**Working data**

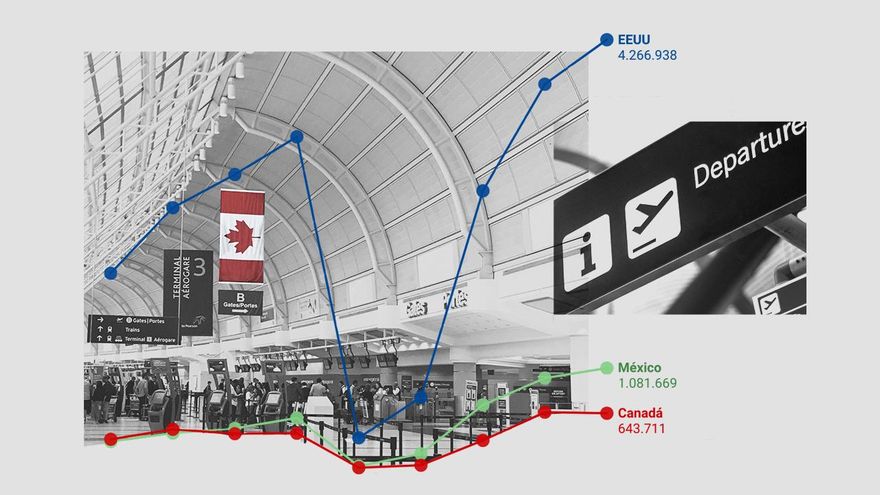 Las agencias de viajes buscan captar turistas de México y Canadá que dejan de ir a EEUU por los aranceles de Trump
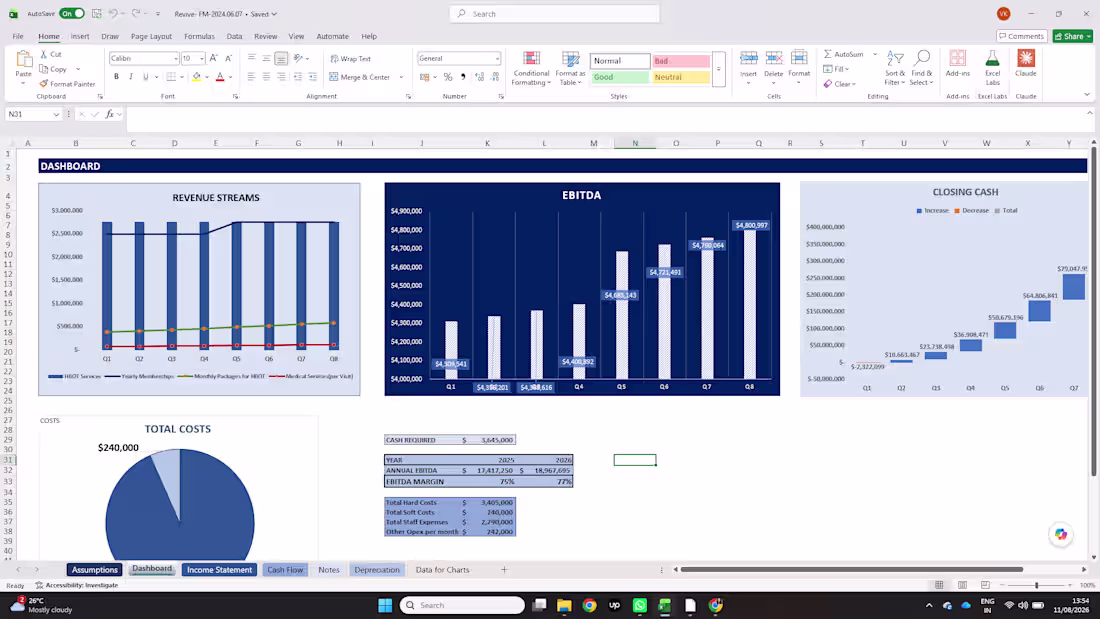 Cover image for Financial Modeling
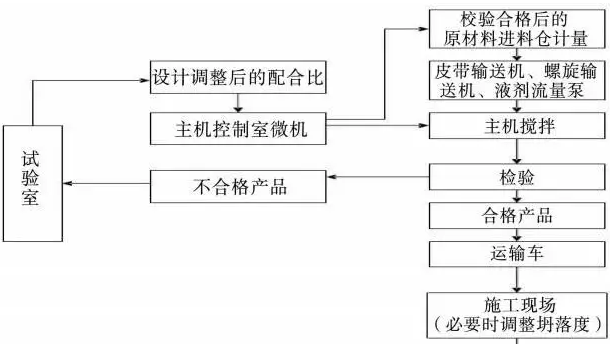  混凝土生產流程圖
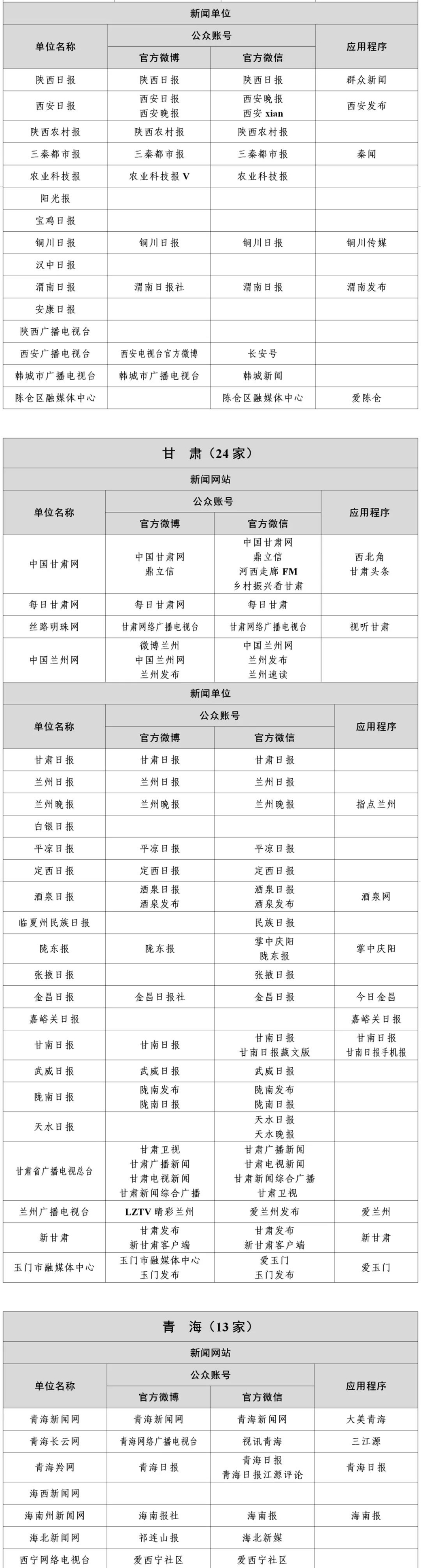 国家网信办公布最新版《互联网新闻信息稿源单位名单》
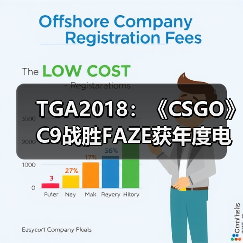 TGA2018：《CSGO》C9战胜FAZE获年度电竞时刻（图4）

**Directions**
Return every line above word for word, minus images.

**Response area**
 Las agencias de viajes buscan captar turistas de México y Canadá que dejan de ir a EEUU por los aranceles de Trump
 Cover image for Financial Modeling
  混凝土生產流程圖
 国家网信办公布最新版《互联网新闻信息稿源单位名单》
 TGA2018：《CSGO》C9战胜FAZE获年度电竞时刻（图4）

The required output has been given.